The concern over rising debt is heightened by the fact that Americans are now experiencing the highest level of delinquencies since 2012, surpassing the predicted level proposed by banks and card issuers. The surge in credit balances during the holidays, coupled with existing hefty debt loads, is ringing alarm bells within financial circles.
Despite robust spending throughout the year, there are indications that the pace of spending may begin to slow. A separate report by the Federal Reserve showed a drop in consumers’ median spending growth expectations in December to 5.02%, the lowest since May 2021. This decline, however, is accompanied by an improvement in Americans’ overall feelings of optimism about the economy and inflation.
On the inflation front, the report highlights a noteworthy shift in consumers’ expectations. Median inflation expectations for one year ahead have fallen to the lowest level in three years. The decline in expectations is viewed positively, according to the Federal Reserve, indicating a potential relief from the persistent inflation that has impacted Americans’ purchasing power.
Responding to economic indicators, the Federal Reserve has signaled the possibility of three rate cuts in 2024. Lower interest rates could stimulate the economy by making it easier for consumers to finance major purchases. However, this move also signifies a shift away from the era of “peak savings rates,” indicating a balance between economic growth and monetary policy adjustments.

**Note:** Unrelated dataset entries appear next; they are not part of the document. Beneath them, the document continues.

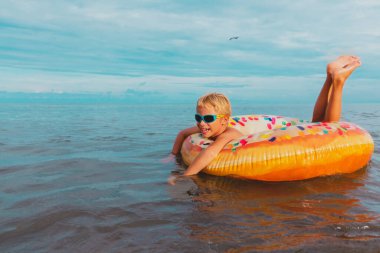 Mutlu çocuk tropik sahilde yüzüyor, çocuk denizde rahatlıyor.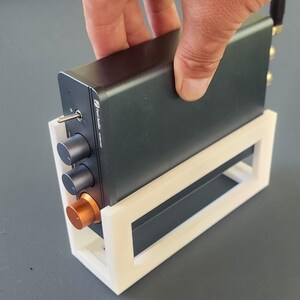 May include: A dark gray electronic device with knobs and a copper-colored accent, held in a white 3D-printed stand. The device has a power switch and multiple ports. The stand is rectangular with an open design.
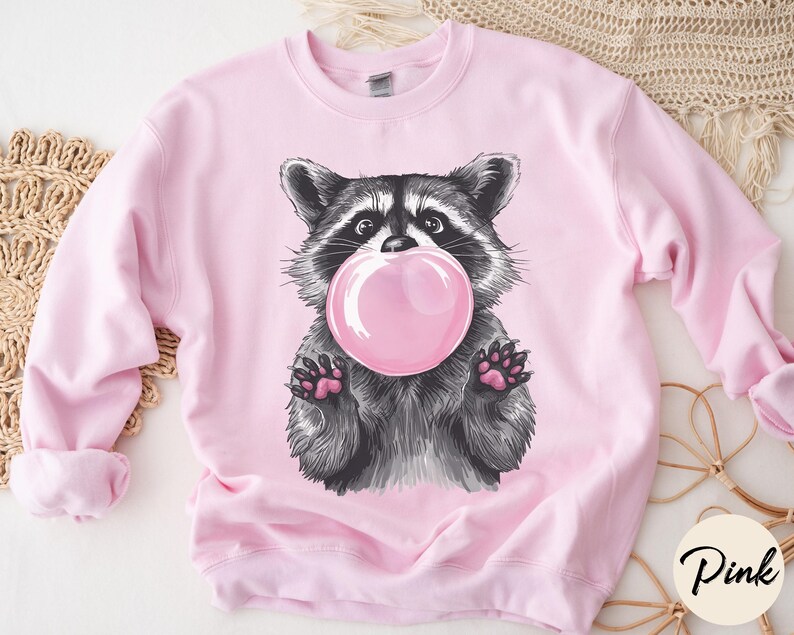 May include: Pink sweatshirt with a graphic of a raccoon blowing a bubble. The raccoon is black and gray with a pink bubble.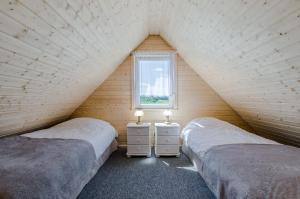 dwa łóżka w pokoju z oknem w obiekcie Willa Mycyny oraz domki w mieście Mycyny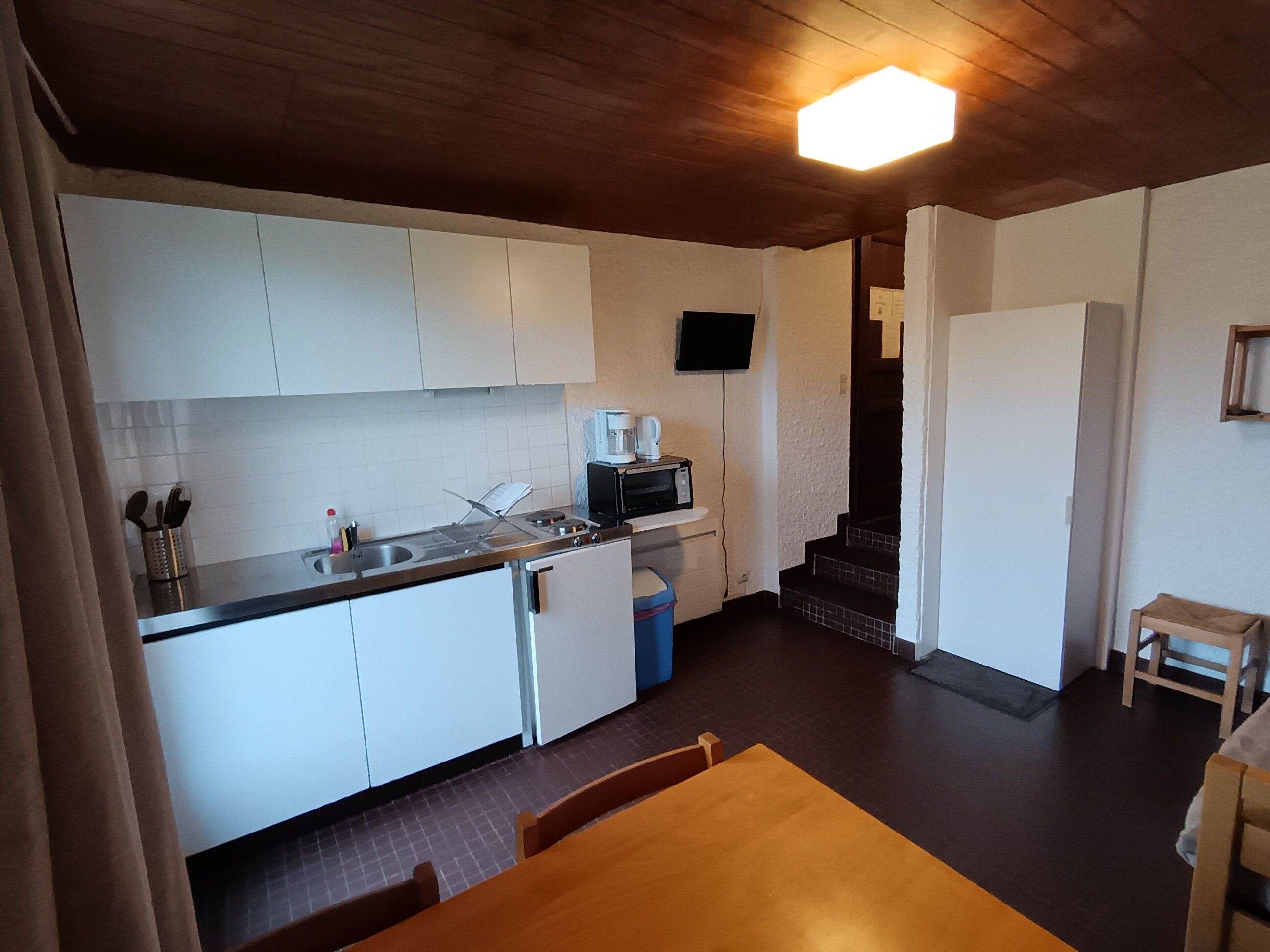 A compact kitchen with white cabinets, a microwave, and a coffee maker.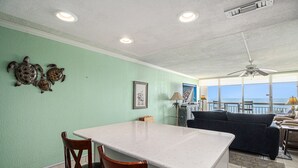 A kitchen with a white countertop, two wooden chairs, a ceiling fan, and a view of the ocean through large windows. - 0303 Waters Edge Resort 1 Bedroom Condo by RedAwning (Murrells Inlet)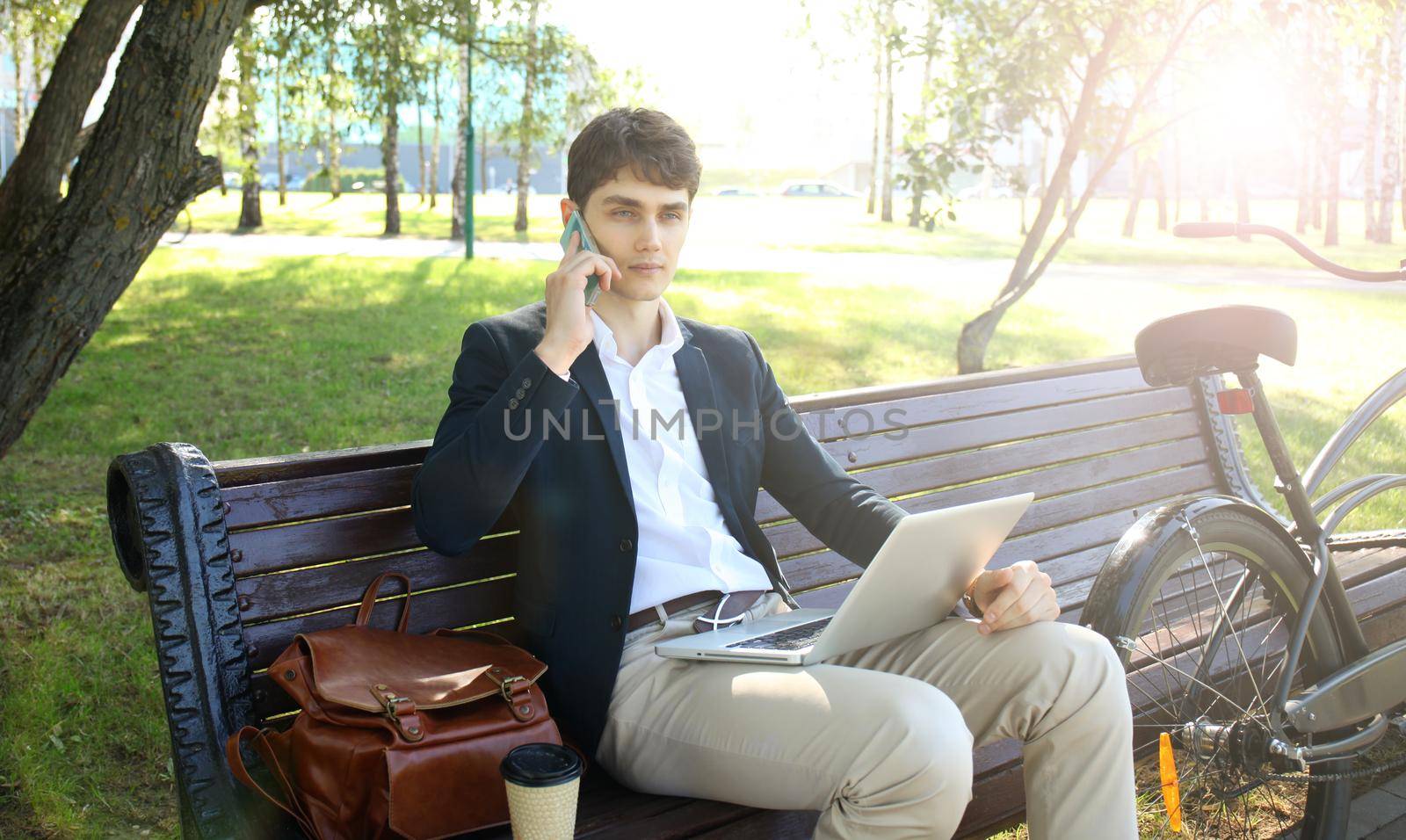 Businessman on a coffee break. He is sitting on a bench and working at laptop, next to bike.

Despite the concerns over rising debt, the survey reveals a generally optimistic outlook among consumers regarding credit access and overall financial health. Respondents are less pessimistic about their current household financial situation compared to the previous year, and the outlook for the year ahead is also more positive. While projected earnings growth has dipped, consumers remain upbeat about the U.S. labor market’s resilience.